■ Work to be completed: Below are records with pictures in them. Transcribe everything from the line containing "Two items of" down to the line containing "ONLY & SONS", exactly, and leave the pictures behind.

■ Provided data:
*-*-*

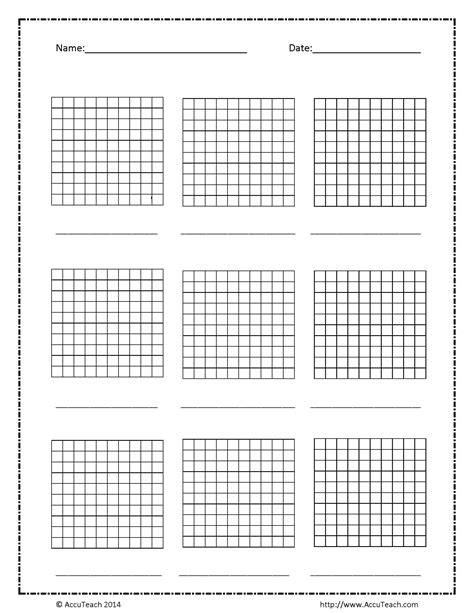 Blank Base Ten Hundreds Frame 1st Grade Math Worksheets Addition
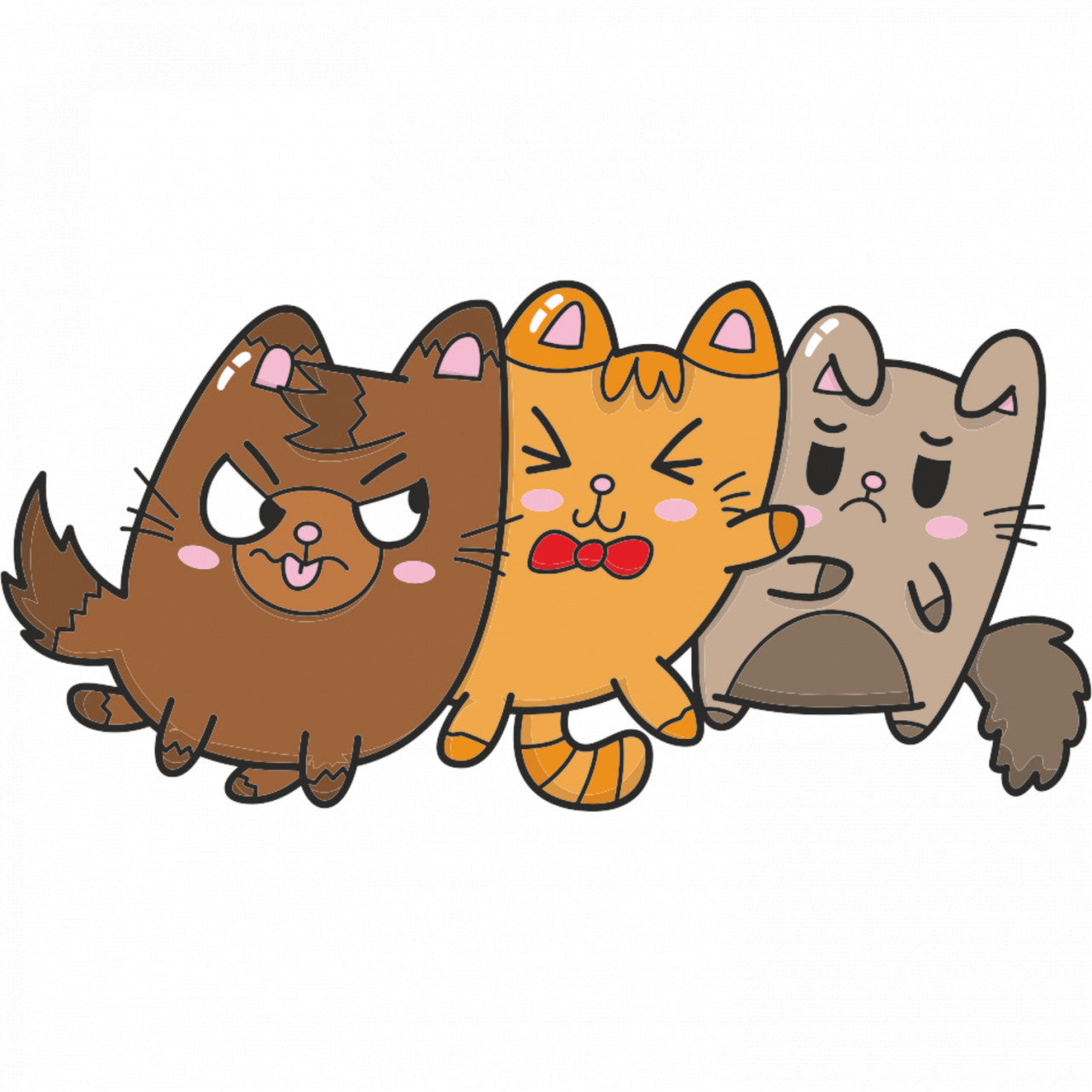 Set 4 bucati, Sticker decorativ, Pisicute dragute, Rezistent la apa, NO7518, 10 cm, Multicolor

*-*-*

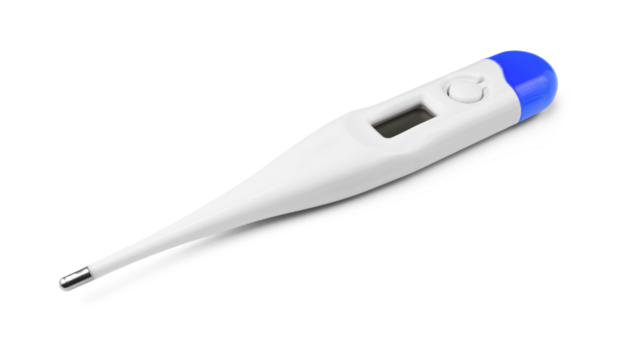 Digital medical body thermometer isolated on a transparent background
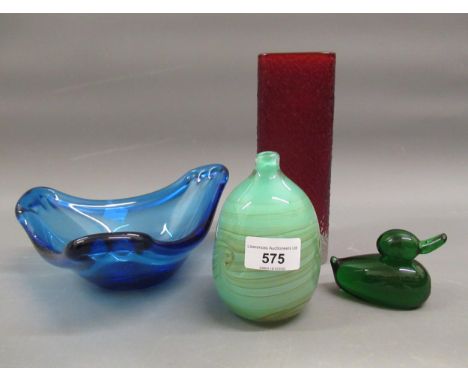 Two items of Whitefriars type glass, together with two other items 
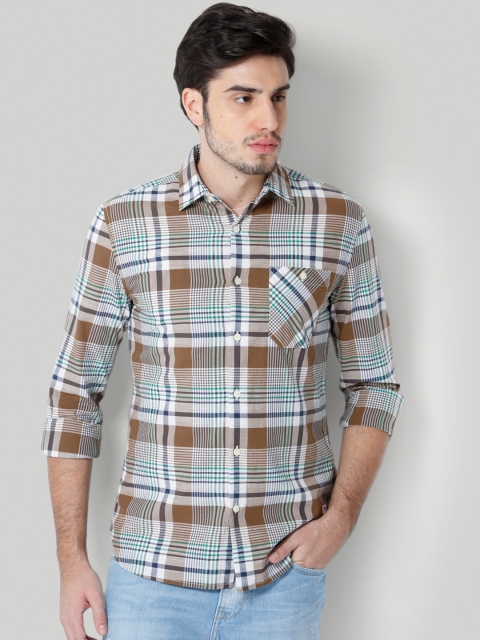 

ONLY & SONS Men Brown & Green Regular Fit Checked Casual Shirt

*-*-*

■ Solution for this problem:
 Two items of Whitefriars type glass, together with two other items 

ONLY & SONS Men Brown & Green Regular Fit Checked Casual Shirt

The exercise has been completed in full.